Loin du mythe de l’avocat-voyou, qui utiliserait les moyens de procédure à des fins dilatoires, exiger la juste application de la loi constitue une garantie démocratique.

Cette idée est d’autant plus dangereuse que la pratique réelle de la procédure pénale montre qu’il est particulièrement difficile d’être entendu sur des moyens de procédure.

Souhaiter des avocat·e·s silencieux·ses, qui abonderaient uniquement dans le sens des juges, constitue une étape historiquement identifiée de la transition vers une société autoritaire.


En deuxième lieu, les sections marseillaise et aixoise du SAF ne peuvent que rejeter l’idée d’un régime carcéral spécifique aux « narcotrafiquants », organisé sous la forme de quartiers de sécurité où serait interdite toute communication avec l’extérieur.

En effet d’une part, les individus impliqués dans le trafic de stupéfiants constituent une catégorie particulièrement vaste, du guetteur de bas d’immeuble au trafiquant international.

L’instauration d’un tel régime serait donc particulièrement déconnectée de la réalité des rôles et degrés de responsabilité de ces individus. À terme, cela ne ferait en réalité qu’encourager la « cartellisation » déjà à l’œuvre.

D’autre part, instaurer un régime carcéral spécifique au stade de la détention provisoire – c’est- à-dire avant tout procès – pose également une question fondamentale en termes de présomption d’innocence. Un individu qui ne serait pas encore jugé serait finalement déjà condamné et puni, puisque la privation de tout contact avec l’extérieur le pénaliserait durablement, en le coupant des liens avec sa famille, le monde professionnel et la société.

De la même façon, instaurer un régime carcéral spécifique au stade de la condamnation, en l’absence de moyens suffisants alloués à l’objectif de réinsertion de la peine en France, n’a aucun sens et s’avèrerait totalement contreproductive pour notre société.
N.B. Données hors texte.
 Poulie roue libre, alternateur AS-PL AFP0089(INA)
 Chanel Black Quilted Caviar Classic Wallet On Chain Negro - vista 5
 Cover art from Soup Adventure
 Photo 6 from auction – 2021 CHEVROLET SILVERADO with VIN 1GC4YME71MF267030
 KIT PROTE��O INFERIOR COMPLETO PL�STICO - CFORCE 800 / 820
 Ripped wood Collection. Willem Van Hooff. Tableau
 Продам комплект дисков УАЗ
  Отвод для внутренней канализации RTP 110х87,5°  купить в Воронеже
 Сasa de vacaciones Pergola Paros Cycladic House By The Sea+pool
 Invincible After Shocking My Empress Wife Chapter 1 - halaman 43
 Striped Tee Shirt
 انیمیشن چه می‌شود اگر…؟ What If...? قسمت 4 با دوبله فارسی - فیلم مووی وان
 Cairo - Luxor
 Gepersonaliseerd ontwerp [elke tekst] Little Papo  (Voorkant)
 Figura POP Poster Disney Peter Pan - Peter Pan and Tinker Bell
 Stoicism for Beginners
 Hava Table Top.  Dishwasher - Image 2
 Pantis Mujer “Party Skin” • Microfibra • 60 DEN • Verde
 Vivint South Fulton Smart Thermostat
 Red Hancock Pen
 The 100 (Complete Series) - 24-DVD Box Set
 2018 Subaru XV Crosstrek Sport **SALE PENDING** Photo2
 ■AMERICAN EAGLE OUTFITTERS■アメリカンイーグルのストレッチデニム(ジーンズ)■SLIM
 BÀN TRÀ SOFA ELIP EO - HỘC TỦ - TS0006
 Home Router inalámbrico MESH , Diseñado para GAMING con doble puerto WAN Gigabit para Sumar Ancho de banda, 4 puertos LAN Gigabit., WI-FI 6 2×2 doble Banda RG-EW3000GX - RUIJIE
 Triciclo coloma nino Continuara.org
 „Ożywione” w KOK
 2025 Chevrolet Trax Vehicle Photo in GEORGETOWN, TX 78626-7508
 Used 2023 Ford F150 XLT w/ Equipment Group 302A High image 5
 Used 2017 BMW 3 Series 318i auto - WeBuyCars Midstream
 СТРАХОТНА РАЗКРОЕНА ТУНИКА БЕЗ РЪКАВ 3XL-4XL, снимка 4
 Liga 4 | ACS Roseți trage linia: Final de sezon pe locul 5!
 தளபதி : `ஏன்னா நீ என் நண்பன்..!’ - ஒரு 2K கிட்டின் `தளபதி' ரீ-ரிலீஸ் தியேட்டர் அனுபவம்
Il convient de rappeler que là où construire des antennes carcérales sécurisées coûte très cher au contribuable, la réinsertion d’un individu, qui cotisera et participera à notre économie, lui en fait gagner.

En troisième lieu, l’instauration de cours d’assises spéciales n’apparaît pas nécessaire. La réalité des cours d’assises populaires ne montre pas moins de sévérité dans les délibérés rendus. Le maintien de jurys populaires est indispensable dans une société dans laquelle l’autre est de plus en plus souvent érigé en étranger et en ennemi. Faire croire aux individus qu’ils seront en danger en siégeant en cours d’assises reviendrait là encore à faire le lit de la dérive sécuritaire et autoritaire.

En quatrième lieu, la proposition de réformer le statut de « repenti » ou « collaborateur de justice », c’est-à-dire de l’individu qui collabore avec les services d’enquête ou d’instruction, consiste encore une fois à se détourner du véritable problème. En pratique, ces individus, qui courent de grands risques pour leur sécurité et celle de leur famille, ne voient quasiment jamais la diminution de peine promise intervenir.

En cinquième et dernier lieu, les sections aixoise et marseillaise du SAF alertent sur les dérives de l’usage d’un vocabulaire martial de façon de plus en plus courante par les acteurs publics.

Plutôt que de persister dans une approche sécuritaire de la lutte contre le trafic de stupéfiants, telle que pratiquée depuis quarante ans en France, il semble plus que jamais opportun de regarder en face les causes véritables de l’implication de certains de nos concitoyens dans de tels trafics. En d’autres termes, faire preuve de courage et d’honnêteté intellectuelle en s’attaquant aux causes sociales, et admettre que la stratégie du « pilonnage » est sans effet sur le développement des réseaux de narcotrafic.

« L’État-spectacle » est un modèle dangereux qui confond les politiques publiques et la propagande sécuritaire.

Nous ne sommes pas en guerre. Notre concitoyen·ne n’est pas notre ennemi·e.